The Siege of Minas Tirith
- Designers: Richard Jordison
- Publishers: Fact and Fantasy Games
- Publication: 1975; 51 years ago
- Genres: Board wargame;
- Languages: English;
- Players: 2
- Playing time: 120 minutes
- Age range: 12+

= The Siege of Minas Tirith =

1975 board wargame

The Siege of Minas Tirith is a 1975 board wargame designed by Richard Jordison and published by Fact and Fantasy Games. It depicts both the Battle of Pelennor Fields and the siege of Minas Tirith from the novel The Return of the King by J.R.R. Tolkien.

== Gameplay ==
The Siege of Minas Tirith is played on a hex map with locations from The Lord of the Rings novels. One player plays as the attacking army of Mordor, and the other plays as the defending army of Gondor. To win, the attacking player must cross Anduin and wipe out the army of Gondor; the defending player must delay the army of Mordor long enough for the time track to run out and the Ring of Power to be destroyed.

The army of Gondor includes advanced troops on the river, defensive forces behind the Rammas Echor, and a garrison in Minas Tirith. No troops can be moved out of their sector until the army of Mordor has penetrated it. At different times on the time track the Riders of Rohan and Aragorn arrive to assist the Gondor player. The army of Mordor also gets reinforcements, including regular soldiers, two oliphaunt units, and the battering ram Grond.

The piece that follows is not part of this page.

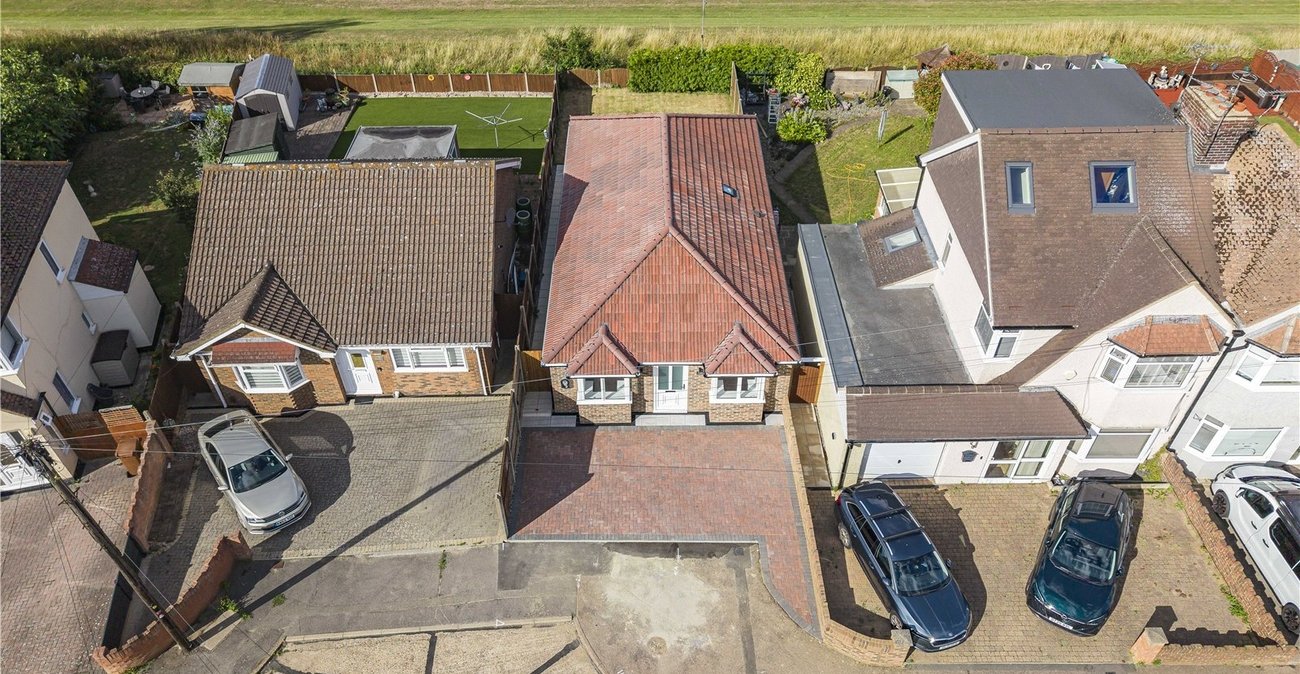 3 bedroom bungalow for sale in Rainham | Robinson Michael & Jackson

The game includes an optional rule where the army in control of the Ring of Power gets a significant power advantage. The army of Gondor starts with the Ring and must try to maintain control over it to prevent it from falling under control of the army of Mordor.

==Publication history==
According to Shannon Appelcline, in 1975 TSR "started distributing other publishers' games — a pretty common tactic at the time, as the hobbyist industry was pretty fractured. They advertised their first distributed items in The Strategic Review #3 (Autumn 1975): a set of three fantasy board games. To be precise, they were three fantasy board games based on the writings of J.R.R. Tolkien: Fact and Fantasy's The Battle of Helm's Deep (1974), Fact and Fantasy's The Siege of Minas Tirith (1975), and LORE's Battle of the Five Armies (1975)."

==Reception==
Larry Pound reviewed Siege of Minas Tirith in The Space Gamer No. 3, commenting that "All in all, the Siege of Minas Tirith is a good game and is faithful to the trilogy. The rules allow replication of the events of the trilogy without forcing the outcome." He described the game as "a classic example of a powerful army attempting to overrun a hard-pressed defense before aid arrives."